Ain’t nobody paying for that electricity!

eltrain123,

This illustrates the “floor to dick ratio”, from Silicon Valley’s ‘Mean Jerk Time Equation’ perfectly.

eltrain123, (edited )

It’s not about having the money laying around. It’s about seeing if the cost over 25 years of electric bills is higher or lower than financing $20-30k.

If it’s more expensive to pay for 25 years of electric bills, buy the solar. If it’s more expensive to finance solar and maintain, keep paying your electric bill.

In some places and buildings, it’s cheaper to use solar. In some it’s not.

eltrain123,

Even in that case, you are overpaying in the early years and getting free electricity for the rest of the life of the system. If you can only get a 7 year loan, you may have a higher bill for 7 years, but no bill for 18 years while electricity prices continue rising is a pretty awesome benefit.
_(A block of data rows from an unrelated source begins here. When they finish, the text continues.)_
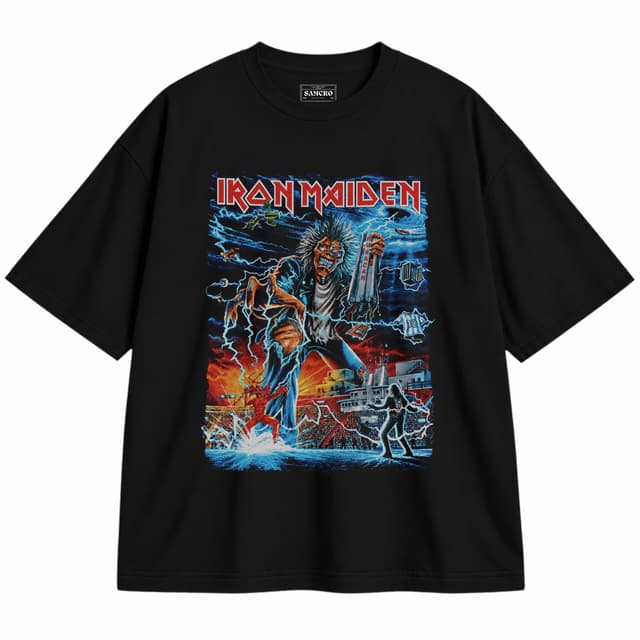 Iron Maiden - Run For Argentina — Unisex oversize, Negro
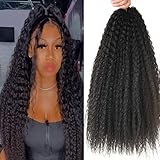 Concofc 3Packs 20Inch Synthetic African Roots Brazilian Crochet Braid Twist Hair Extensions Deep Water Wave Synthetic Crochet Braiding Hair For Women (20inch, 4#)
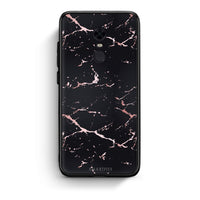 Thumbnail for 4 - Xiaomi Redmi 5 Plus  Black Rosegold Marble case, cover, bumper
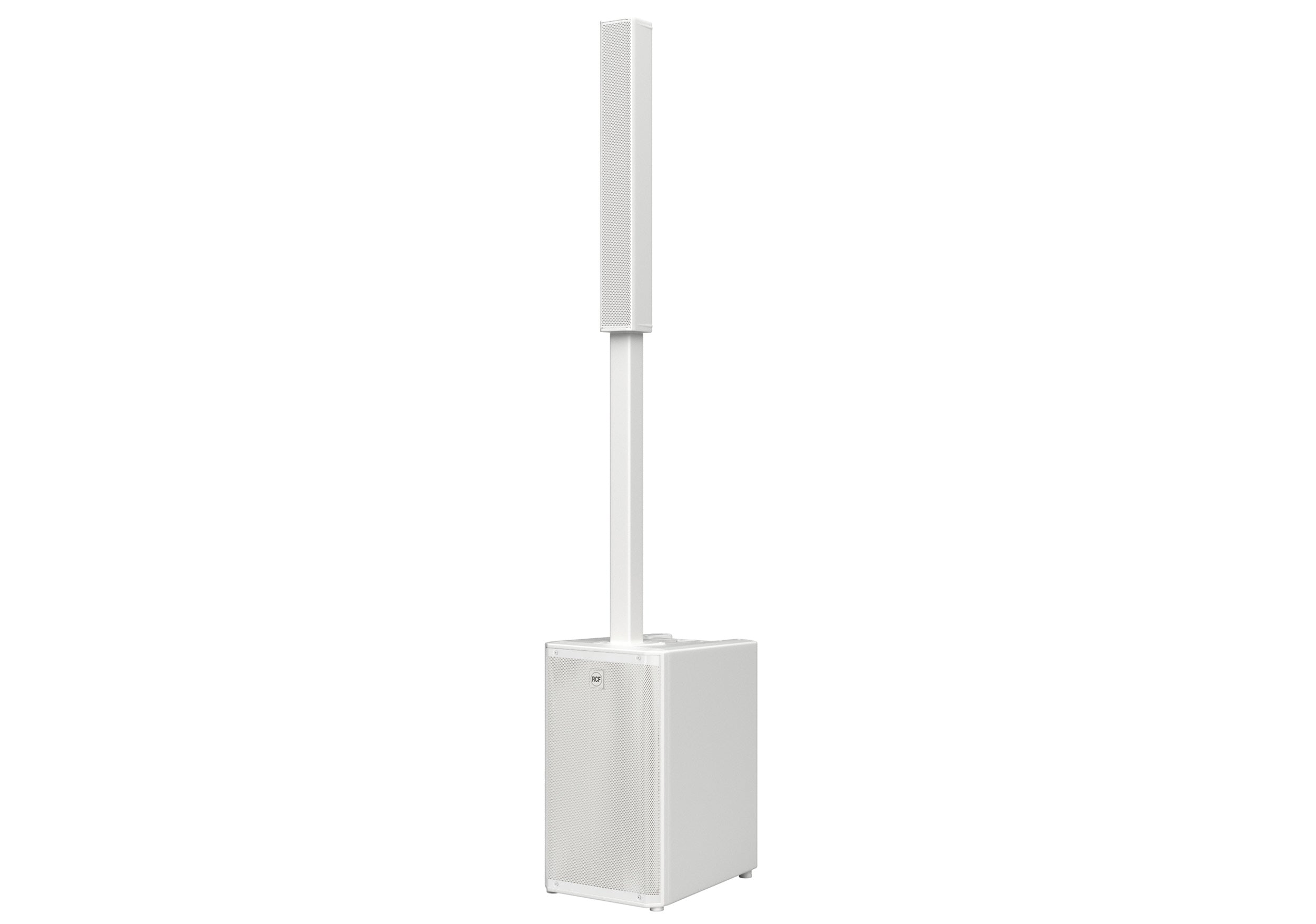 RCF EVOX-JMIX-9-W Portable Active Three-Way Column Music System - White Finish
You still weigh the balance to figure out what is economically the best option.

eltrain123,

…And I missed the last question.

I don’t have them on my home because my HOA disallows them. I did, however, initiate and helped manage installation of systems on 3 separate family members’ homes and since I had already done the research and the financial benefit worked out for each of them. One was 6 years ago, one was 3 years ago, and one was 2 years ago and none of them have any complaints.

The 6 yr old system is almost paid off and has already reached its pay-off value since electricity prices keep rising… meaning, they haven’t paid off the system, but would have spent more in electricity in the 6 years they have had it if they would not have installed it.

I am currently in the process of moving out of a neighborhood with an HOA and plan on installing a system as soon as I get into my new home.